Ordinary purlins are formed by hot-rolled steel strips by machine rolling, and then made into C or Z shapes. After forming, the surface is sprayed with gray anti-rust paint. Ordinary purlins are just painted with a layer of anti-rust paint on the outside. If they are transported, the paint film is easily scratched off during installation. The hdg purlin, which is short for hot-dip galvanized purlin, is not afraid of scratching, and its corrosion resistance is greatly improved compared with ordinary purlins.

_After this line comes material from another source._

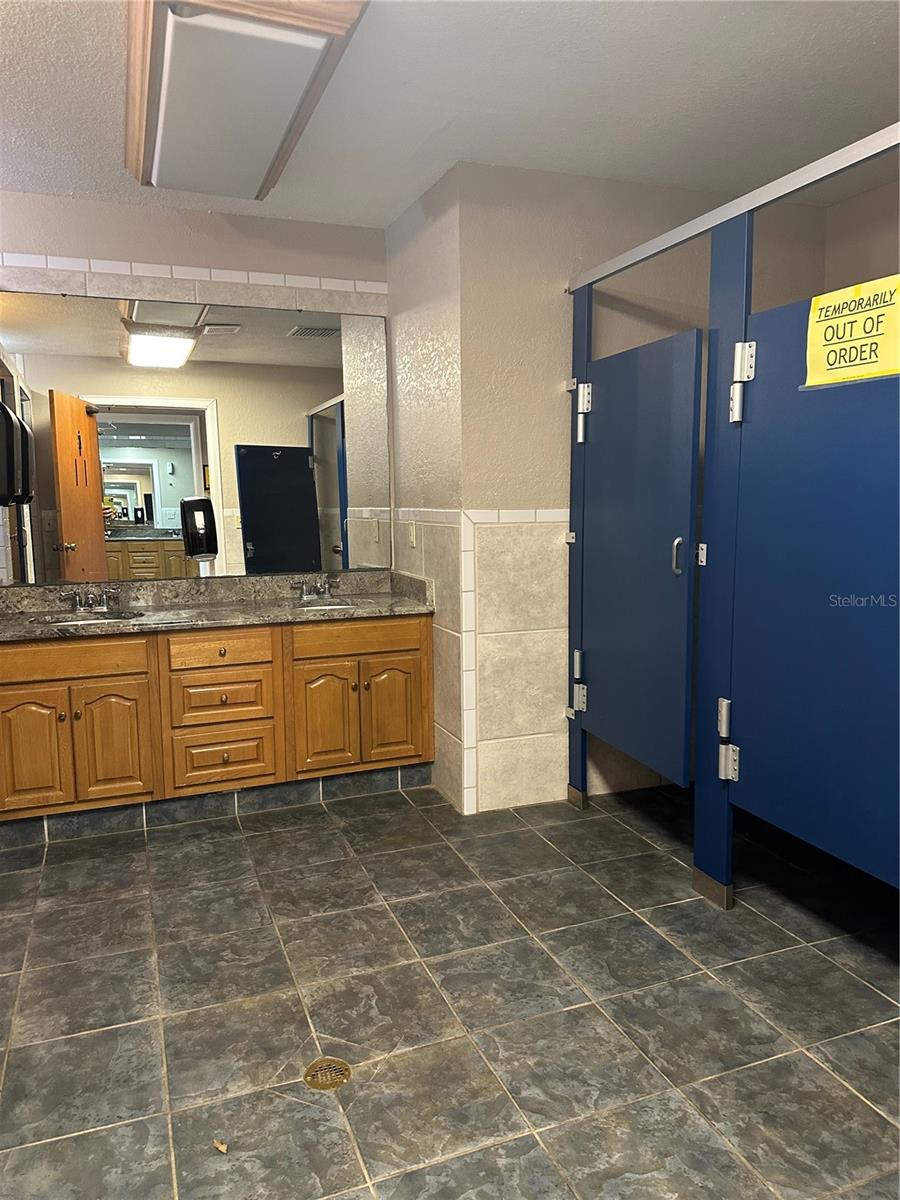 Image 37 of 44 For 15991 243rd Place Road 31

Hot-dip galvanizing is also called hot-dip galvanizing. Hot-dip galvanizing is a surface treatment method to improve the anti-rust ability of steel parts. Hot-dip galvanizing is the degreasing of steel parts in lye, and then derusting in acid (a certain composition of hydrochloric acid or sulfuric acid), exposing the clean metal surface, and then immersing it in a molten galvanizing pot, thereby making The parts are covered with a uniform and complete zinc layer, which greatly improves the anti-corrosion ability of steel parts and prolongs their service life. For example, common highway guardrails, transmission towers, etc. are all hot-dip galvanized, and these equipment will not rust for ten years, even twenty or thirty years.
The coating of hot-dip galvanizing is thicker, generally 30-60 microns, and the coating has a higher anti-corrosion ability. It is suitable for long-term rust prevention of steel parts for outdoor work, such as highway fences, power towers, and large-size fasteners. Older iron water pipes were also hot-dip galvanized.